The world’s largest asset manager, BlackRock, has allowed two of its biggest funds to engage in Bitcoin derivatives. The firm has over $8 trillion in assets under management.
SEC filing reveals details
The firm recently filed with the Securities and Exchange Commission (SEC). The prospectus documents show that BlackRock has added Bitcoin futures to derivatives products that two of its largest funds can invest in. Now, BlackRock Funds V and BlackRock Global Allocation Fund Inc. can invest in indices, interest rates, credit events, commodities, and currencies.
The asset manager wrote,
“The only bitcoin futures in which the Funds may invest are cash-settled bitcoin futures traded on commodity exchanges registered with the CFTC.”
The company also cited some risks related to the involvement in the crypto sector, like regulatory changes, illiquidity, and valuation issues. It also said that Bitcoin futures are not as liquid as other futures markets and are relatively new.
Taking slow and cautious steps
BlackRock also acknowledged that several Bitcoin exchanges have experienced operational and technical issues repeatedly which makes the prices of the assets reach unbelievable numbers.

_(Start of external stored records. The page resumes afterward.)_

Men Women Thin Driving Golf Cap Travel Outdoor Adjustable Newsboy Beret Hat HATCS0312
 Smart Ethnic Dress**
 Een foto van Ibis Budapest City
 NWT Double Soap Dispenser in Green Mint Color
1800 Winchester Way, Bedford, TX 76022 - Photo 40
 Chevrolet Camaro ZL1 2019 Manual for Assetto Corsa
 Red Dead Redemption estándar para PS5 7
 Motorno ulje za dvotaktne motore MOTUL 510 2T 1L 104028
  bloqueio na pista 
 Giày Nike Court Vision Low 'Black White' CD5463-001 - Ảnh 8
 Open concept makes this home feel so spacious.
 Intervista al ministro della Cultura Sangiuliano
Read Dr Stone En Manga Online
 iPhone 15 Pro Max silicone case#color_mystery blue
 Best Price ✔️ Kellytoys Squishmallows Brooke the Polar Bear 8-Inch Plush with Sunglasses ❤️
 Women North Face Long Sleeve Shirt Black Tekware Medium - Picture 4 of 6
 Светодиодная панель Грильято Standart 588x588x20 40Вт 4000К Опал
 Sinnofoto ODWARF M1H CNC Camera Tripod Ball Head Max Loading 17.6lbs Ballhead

It also said that Bitcoin has been a target of manipulation and fraud as well which could have an adverse impact on the performance of its funds.
The Chicago Mercantile Exchange (CME) is the only regulated market offering cash-settled Bitcoin futures contracts. Cboe also offered a similar derivative offering between 2017 and 2019 but has since discontinued the market. Bakkt, which is owned by Intercontinental Exchange also provides Bitcoin futures trading but its offering is physically-settled.
Larry Fink, the CEO of BlackRock, expressed bullish sentiments on Bitcoin about a month ago. He said that Bitcoin could replace gold but also said that the rising popularity of the cryptocurrency has an impact on the US Dollar. Note that Bitcoin prices have tripled in the past three months, reaching double their all-time highs of $20,000.